Improving time-to-market and yield is a critical problem in the semiconductor manufacturing industry and has a direct economic impact on the semiconductor industry. In particular, a reduced time-to-market and higher yield translate into earlier availability and more devices that may be sold by the manufacturer.
Semiconductor integrated circuit (IC) design and manufacturing processes have become increasingly challenging with each new technology node. With ever decreasing feature sizes, increasing pattern densities, and difficulty experienced in the advancement of IC manufacturing equipment, manufacturing of modern IC designs has encountered substantial impediments and concomitant yield problems within the sub-wavelength regime. Diffraction-limited imaging in the sub-wavelength regime has caused the classical WYSIWYG (“What you see is what you get”) paradigm to disappear. With the emergence of sub-wavelength photolithography, the nonlinearity of the pattern transfer process onto semiconductor material such as silicon has increased dramatically. Due to this phenomenon, the effectiveness of the conventional IC design methodology has been significantly eroded.
In view of the widening gap between design and manufacturability in the sub-wavelength regime, the use of optical resolution enhancement techniques (RET) such as optical proximity correction (OPC) are prevalent in many of the design and manufacturing schema to produce feature sizes of 0.18 μm and smaller. As the feature size decreases, distortion in the pattern transfer process becomes more severe. The design shapes must be modified in order to print the desired images on the wafer. The modifications account for limitations in the optical lithography process. In the case of OPC, modifications of the design image account for optical limitations as well as mask fabrication limitations and resist limitations. Modifications of the design image can also account for the subsequent process steps like dry etching or implantation. It can also account for flare in the optical system, as well as pattern density variations. Another application of proximity effect correction is the compensation of the effects of aberrations of the optical system used to print the image of the mask onto the wafer. In this case, a mask with aberration correction would be dedicated to a given lithography tool as the aberrations are tool-specific.

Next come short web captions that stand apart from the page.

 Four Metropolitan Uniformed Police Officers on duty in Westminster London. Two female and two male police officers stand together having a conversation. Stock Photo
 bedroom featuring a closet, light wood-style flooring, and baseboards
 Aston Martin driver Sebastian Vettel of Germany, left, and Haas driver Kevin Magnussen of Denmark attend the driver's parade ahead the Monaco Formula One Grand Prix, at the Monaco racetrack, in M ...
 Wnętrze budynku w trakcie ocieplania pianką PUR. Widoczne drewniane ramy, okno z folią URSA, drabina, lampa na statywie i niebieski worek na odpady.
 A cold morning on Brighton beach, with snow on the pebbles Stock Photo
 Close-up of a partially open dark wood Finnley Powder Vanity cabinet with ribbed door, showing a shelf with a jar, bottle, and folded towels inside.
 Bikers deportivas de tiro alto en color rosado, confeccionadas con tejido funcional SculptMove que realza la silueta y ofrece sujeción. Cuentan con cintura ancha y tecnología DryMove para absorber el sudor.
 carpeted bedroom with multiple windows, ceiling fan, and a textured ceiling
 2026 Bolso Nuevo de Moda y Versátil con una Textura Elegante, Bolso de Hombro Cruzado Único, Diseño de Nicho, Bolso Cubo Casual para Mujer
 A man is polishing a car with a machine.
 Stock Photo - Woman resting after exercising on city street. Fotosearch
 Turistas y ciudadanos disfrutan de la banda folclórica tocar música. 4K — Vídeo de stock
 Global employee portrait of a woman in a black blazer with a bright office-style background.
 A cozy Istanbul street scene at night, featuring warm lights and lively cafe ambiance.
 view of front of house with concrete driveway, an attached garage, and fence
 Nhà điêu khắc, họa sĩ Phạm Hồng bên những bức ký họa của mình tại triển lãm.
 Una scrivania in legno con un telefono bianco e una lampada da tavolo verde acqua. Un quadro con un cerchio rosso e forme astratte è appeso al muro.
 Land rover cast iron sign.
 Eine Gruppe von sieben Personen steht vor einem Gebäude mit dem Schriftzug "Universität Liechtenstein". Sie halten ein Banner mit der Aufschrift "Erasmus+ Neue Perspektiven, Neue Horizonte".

FIG. 1 illustrates the modification of the mask data to correct for proximity effects. The processing of the mask data starts with a target layout 1 representing the desired dimensions of the image on the wafer. The printed image 2 of the target layout 1 differs from the desired image due to proximity effect. For reference, the target image 1 is shown with the printed image 2. The edges of the features are then moved (3) so that the corresponding printed image on the wafer 4 is correct (as close to the target as possible). In FIG. 1, all the areas of the layout have been corrected, but different degrees of proximity effect correction aggressiveness can be applied to different regions depending on the criticality of the region in the integrated circuit.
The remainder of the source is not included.